> **What to do**:
Produce a faithful copy of every record below, without the pictures.

> **Collection entries**:

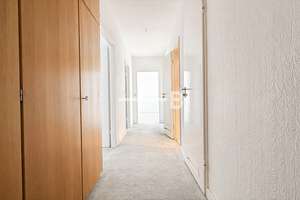 2-Zimmer, Süd West Balkon & der Wannsee – Die vollständige Adresse der Immobilie erhältst du vom Anbieter., 14109 Wannsee, Berlin – Vorschaubild 7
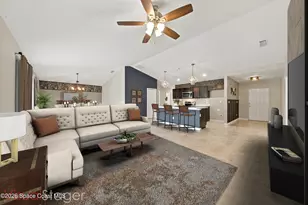 206 Wendover Rd SW, Palm Bay, FL 32908 - Photo 12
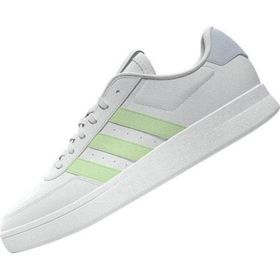 Adidas ID0480 Breaknet 2.0 Erkek Ayakkabı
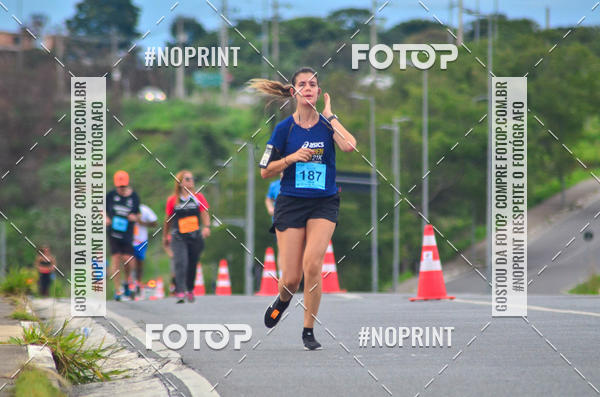 Buy your photos of the eventCIRCUITO CIDADE ATIVA 2019 - 4 ETAPA on Fotop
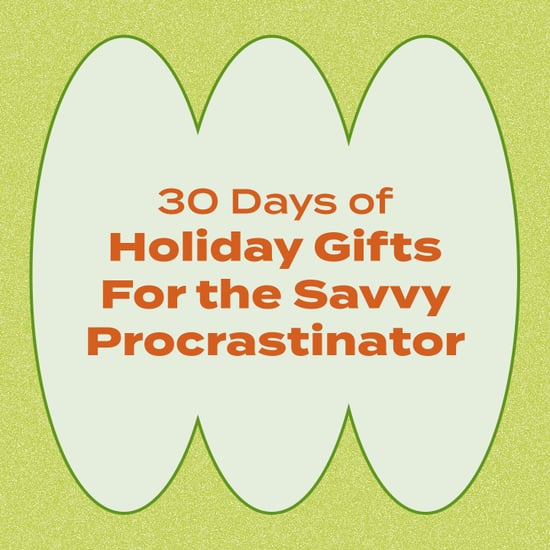 Holiday Gifts for the Savvy Procrastinator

> **Result**:
 2-Zimmer, Süd West Balkon & der Wannsee – Die vollständige Adresse der Immobilie erhältst du vom Anbieter., 14109 Wannsee, Berlin – Vorschaubild 7
 206 Wendover Rd SW, Palm Bay, FL 32908 - Photo 12
 Adidas ID0480 Breaknet 2.0 Erkek Ayakkabı
 Buy your photos of the eventCIRCUITO CIDADE ATIVA 2019 - 4 ETAPA on Fotop
 Holiday Gifts for the Savvy Procrastinator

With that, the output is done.